_Study material_:
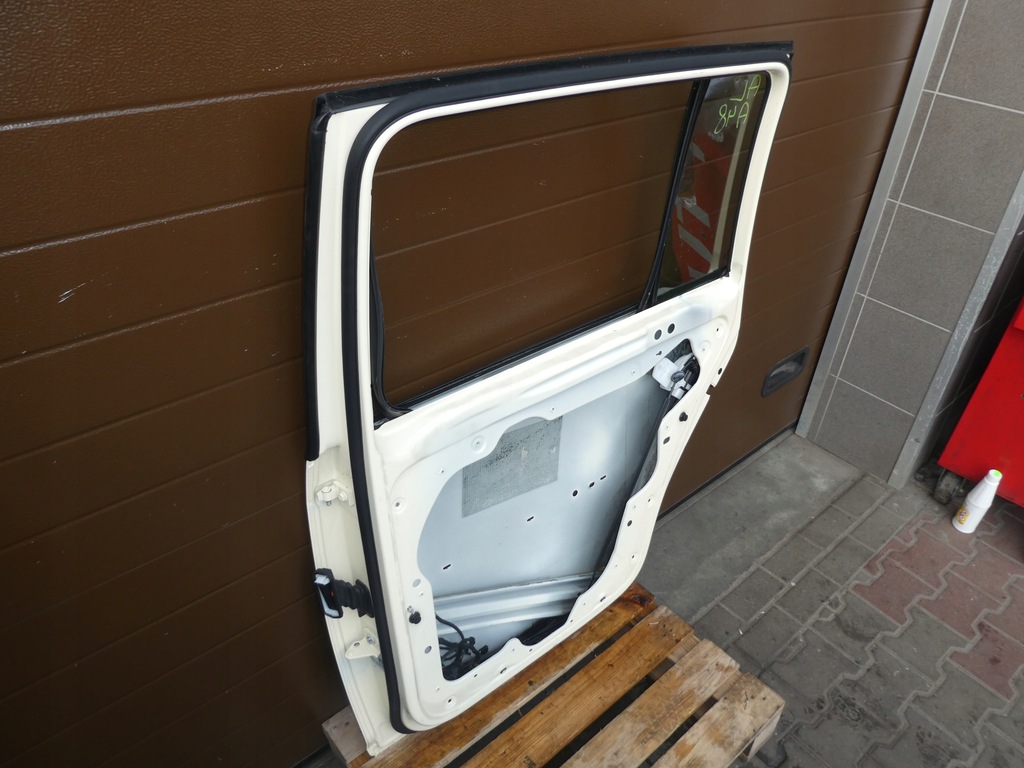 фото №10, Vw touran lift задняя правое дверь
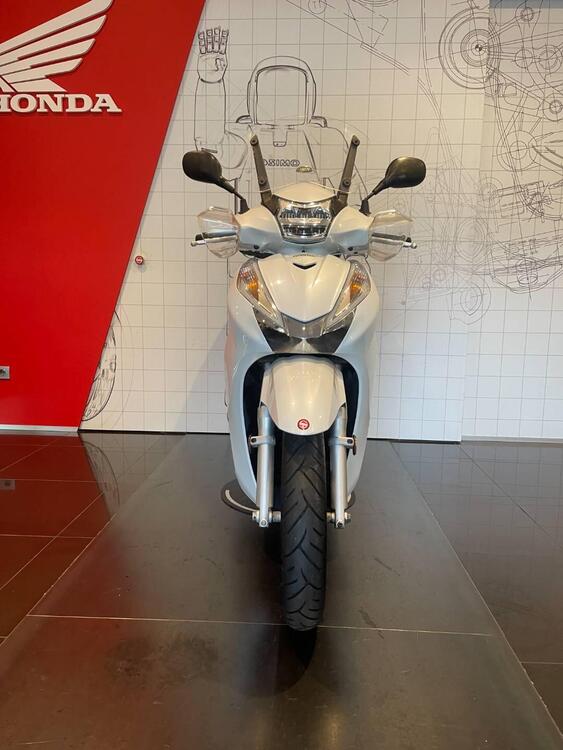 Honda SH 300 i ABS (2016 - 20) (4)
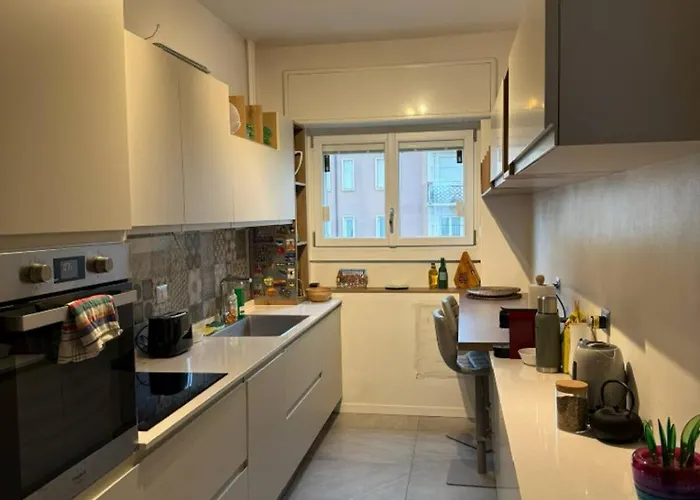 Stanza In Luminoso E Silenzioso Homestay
...
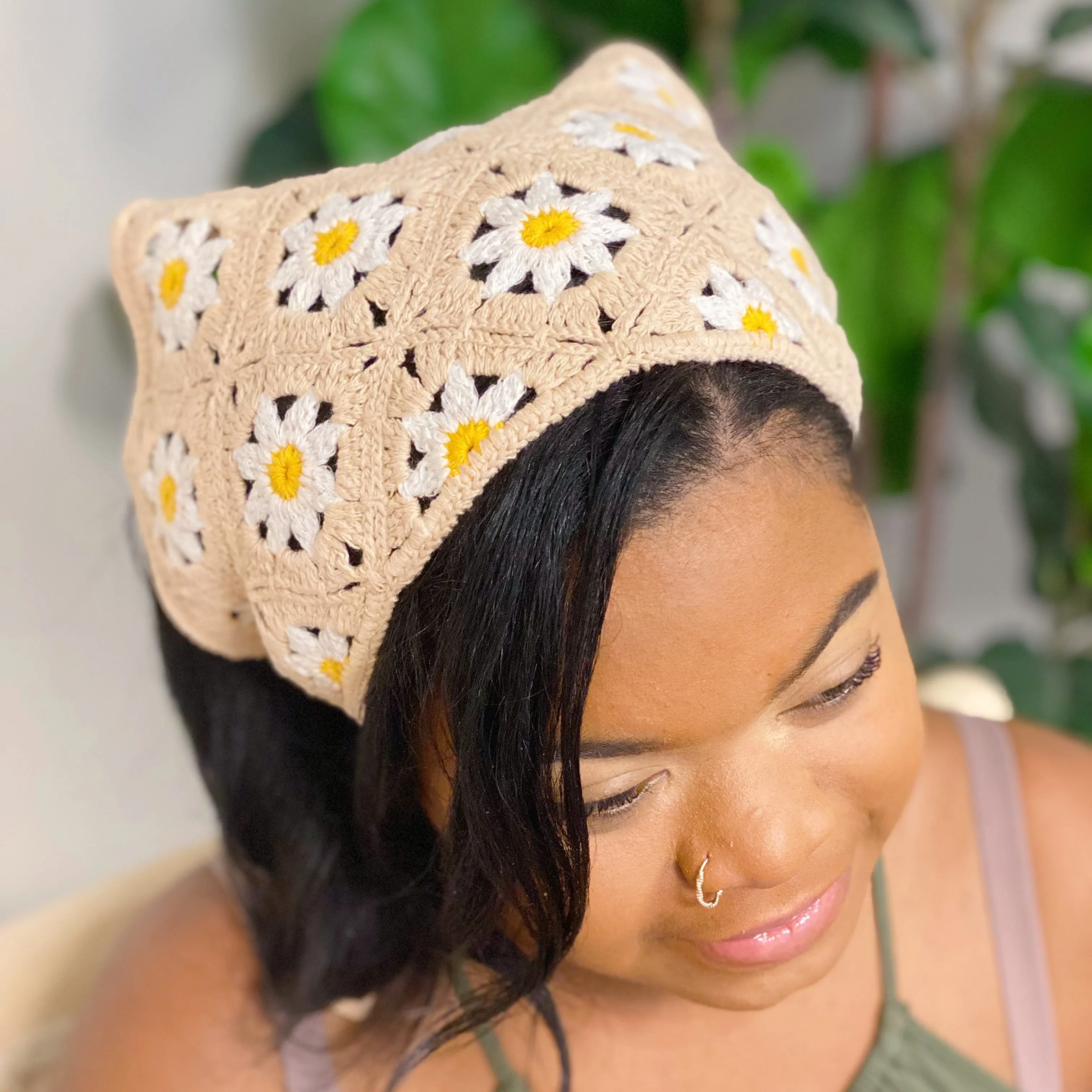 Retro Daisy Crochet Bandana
---
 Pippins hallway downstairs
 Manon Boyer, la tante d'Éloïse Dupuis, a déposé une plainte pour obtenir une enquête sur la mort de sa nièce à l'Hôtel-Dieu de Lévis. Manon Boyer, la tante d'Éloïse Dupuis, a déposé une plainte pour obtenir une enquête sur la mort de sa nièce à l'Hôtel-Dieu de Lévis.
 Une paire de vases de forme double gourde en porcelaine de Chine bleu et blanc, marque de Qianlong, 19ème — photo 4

_Work to be completed_: Print nothing but the lines above starting with the line that contains "фото №10, Vw touran lift задняя правое дверь" and going on through the line that contains "Stanza In Luminoso E Silenzioso Homestay". Leave out the pictures.

_Answer space_:
 фото №10, Vw touran lift задняя правое дверь
 Honda SH 300 i ABS (2016 - 20) (4)
 Stanza In Luminoso E Silenzioso Homestay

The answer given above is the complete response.